(Data listing begins)
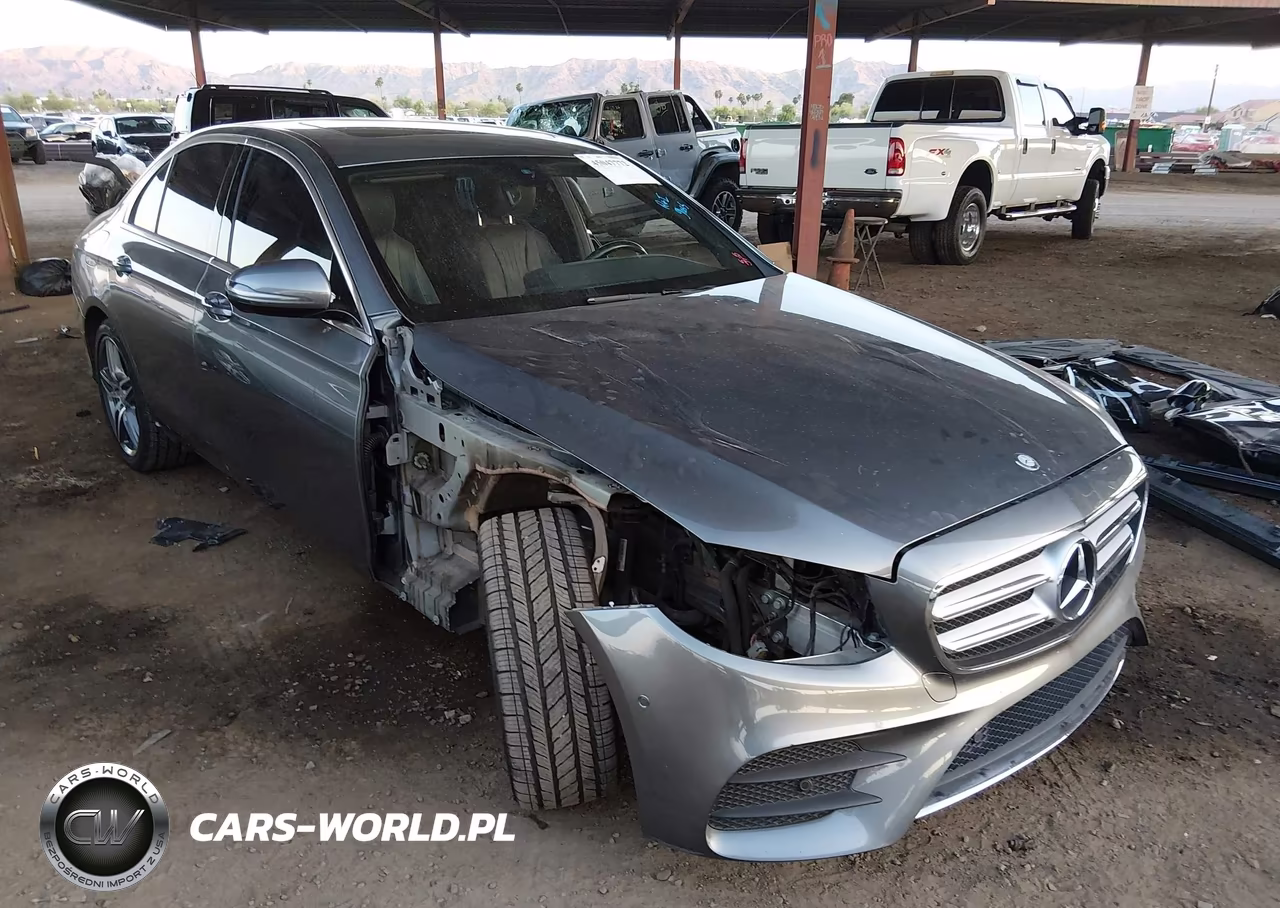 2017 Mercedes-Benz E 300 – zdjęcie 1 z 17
(Data listing ends)
(Data listing begins)
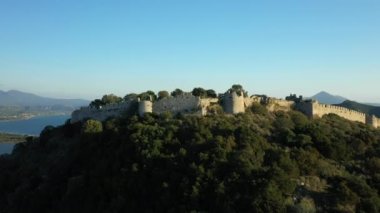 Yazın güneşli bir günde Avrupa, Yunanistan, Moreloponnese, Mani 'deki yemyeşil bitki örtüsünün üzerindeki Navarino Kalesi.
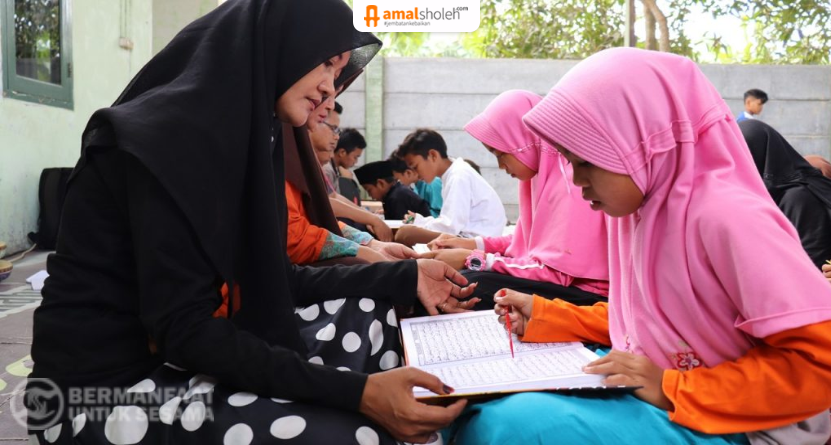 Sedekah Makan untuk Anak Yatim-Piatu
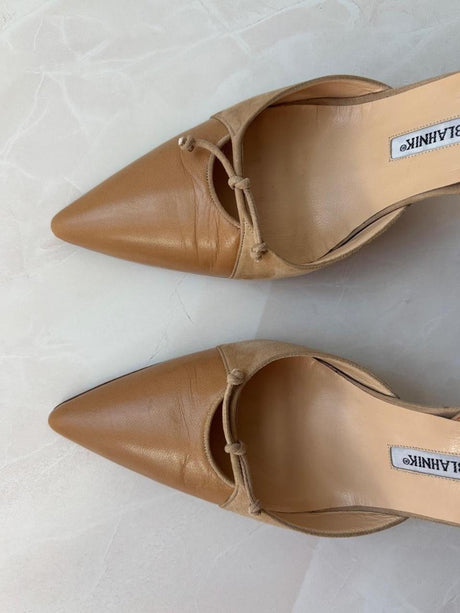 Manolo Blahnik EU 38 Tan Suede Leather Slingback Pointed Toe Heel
(Data listing ends)
Problem to work on | Set down, exactly as written above, each line from the one with "Sedekah Makan untuk Anak Yatim-Piatu" through the one with "Manolo Blahnik EU", and skip the pictures.

Reply |
 Sedekah Makan untuk Anak Yatim-Piatu
 Manolo Blahnik EU 38 Tan Suede Leather Slingback Pointed Toe Heel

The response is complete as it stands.